Bevor die Proben aufgetragen werden, muss das Gelsystem erst einmal aufgebaut werden. Das fängt beim Kauf oder mit der Herstellung eines Polyacrylamid-Gels an. Fertig hergestellte Gele werden immer populärer, da das Polyacrylamid ein Neurotoxin ist und zu Hirnschäden führen kann. Das Gel besteht aus Geltaschen, in welche man die Proben aufträgt.

Wenn die Gele sicher platziert sind, füllt man die innere und die äußere Kammer mit einem Puffer, welcher die selbe Ionenkonzentration enthält wie der Puffer, der für die Herstellung des Gels benutzt wurde. Dadurch wird ein Stromkreis hergestellt, in welchem der Strom einfach von der Kathode, durch das Gel, zu der Anode, fließen kann.

Nun werden die Molmassen-Standards in das Gel aufgetragen, gefolgt von den Proben. Wenn das Gel läuft, erzeugt der Standard sichtbare Banden mit bekannten Größen.
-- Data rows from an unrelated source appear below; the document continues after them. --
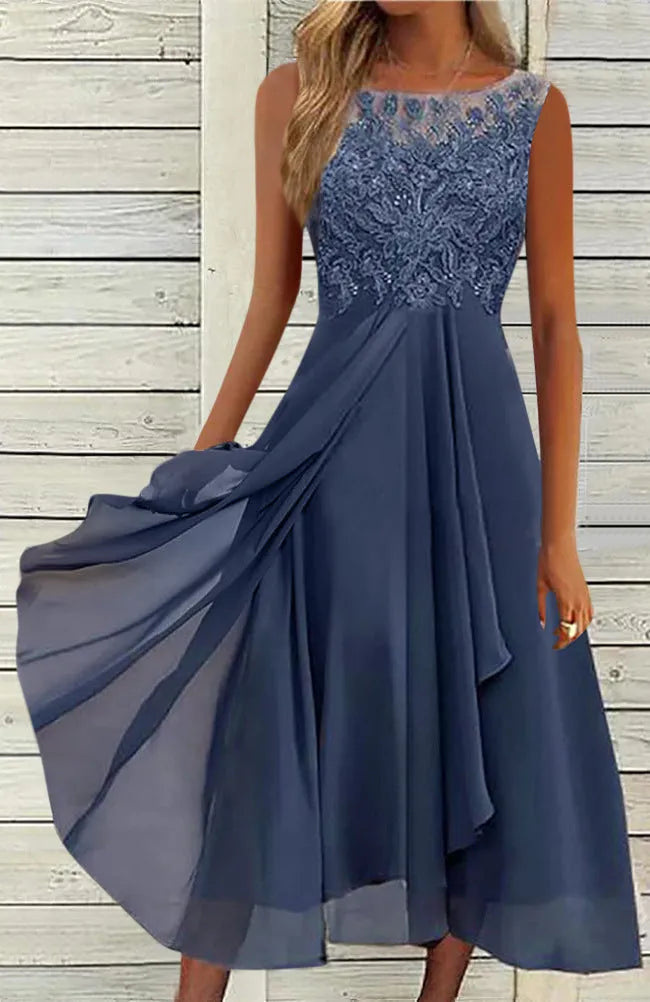 Women's sleeveless chiffon dress with lace stitching in green, purple or blue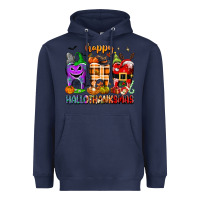 Navy Happy Hallothanksmas teeth Heavyweight Hoodie - texasbilliewilder
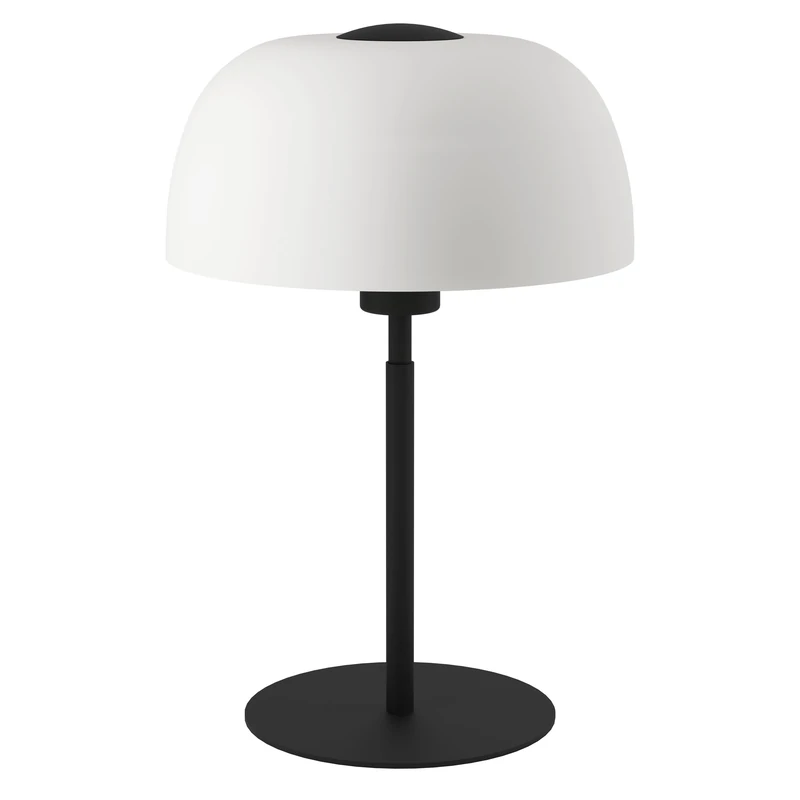 Eglo Table Lamp Solo 2, Bedside Light with lampshade, Metal Fixture in Black and White Etched Glass, E27 Socket, 41.5 cm Tall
Zum Schluss können diese Banden benutzt werden, um die Größe der Proteine zu berechnen.

Wenn alle Proben aufgetragen sind, werden die negativen und positiven Anschlüsse der Gelkammer mit der Stromversorgung verbunden, die eine konstante Spannung für eine längere Zeitspanne bereitstellen muss. Gele werden normalerweise bei 60V gestartet bis die ganze Probe in eine Gelregion, die Sammelgel heißt, eingetreten ist. Danach wird die Spannung auf ~200V erhöht und das Gel für 30 Minuten bis 1 Stunde laufen gelassen, abhängig von der Größe und der Konzentration des Gels und der Größe des Zielproteins.

Wenn die Elektrophorese abgeschlossen ist, wird die Gelkassette entfernt und geöffnet, um das Gel zu entfernen. Das Gel kann dann mit den typischen Proteinfärbungen, wie dem Coomassieblau oder der Silberfärbung, eingefärbt werden, um die Proteinbanden zu visualisieren. Die Coomassiefärbung kann bis zu 50 Nanogramm des Proteins nachweisen, wohingegen die Silberfärbung sogar nur 1 Nanogramm eines Proteins nachweisen kann.

Bei der zweidimensionalen Gelelktrophorese werden die Proben nach zwei verschiedenen Eigenschaften, nacheinander aufgetrennt. Zuerst werden die Proben geladen und nach ihren isoelektrischen Punkten auf lokalisiserten pH-Gradienten getrennt. Die Proteine in den Gelstreifen werden dann denaturiert und auf ein Polyacrylamid-Gel aufgesetzt, wo sie durch ein frisches Gel räumlich festgehalten werden. Dann erfolgt die Separation in der zweiten Dimension durch SDS-PAGE.

Die isoelektrische Fokussierung ist nicht die einzigste, aber die häufigste, Anwendung der 2-D Gelelektrophorese. Die 2-D Gelelektrophorese ist ein wichtiges Werkzeug, um Proteinkomplexe und die suborganelle Organisation besser zu verstehen.

Nachdem das Gel gelaufen worden ist, transferiert man die Proteine für Analysezwecke häufig von dem Gel auf eine Membran die aus PVDF oder Nylon gefertigt ist. Dann können spezifische Antikörper benutzt werden, um Zielproteine auf der Membran nachzuweisen. Hier sieht man einen normalen Immunblot, in dem ein Forscher 3 verschiedene Signal-Amplifikationsverfahren verwendet hat, um festzustellen welches am besten das Protein Pit1 in mehreren seriellen Verdünnungen nachweist.

Das war die Einführung in SDS-PAGE von JoVE. Ihr solltet nun die verschiedenen Schritte in der Proteinauftrennung nach Größe verstehen, die mit dieser vielfältigen Methode möglich sind. Wie immer –Danke für eure Aufmerksamkeit.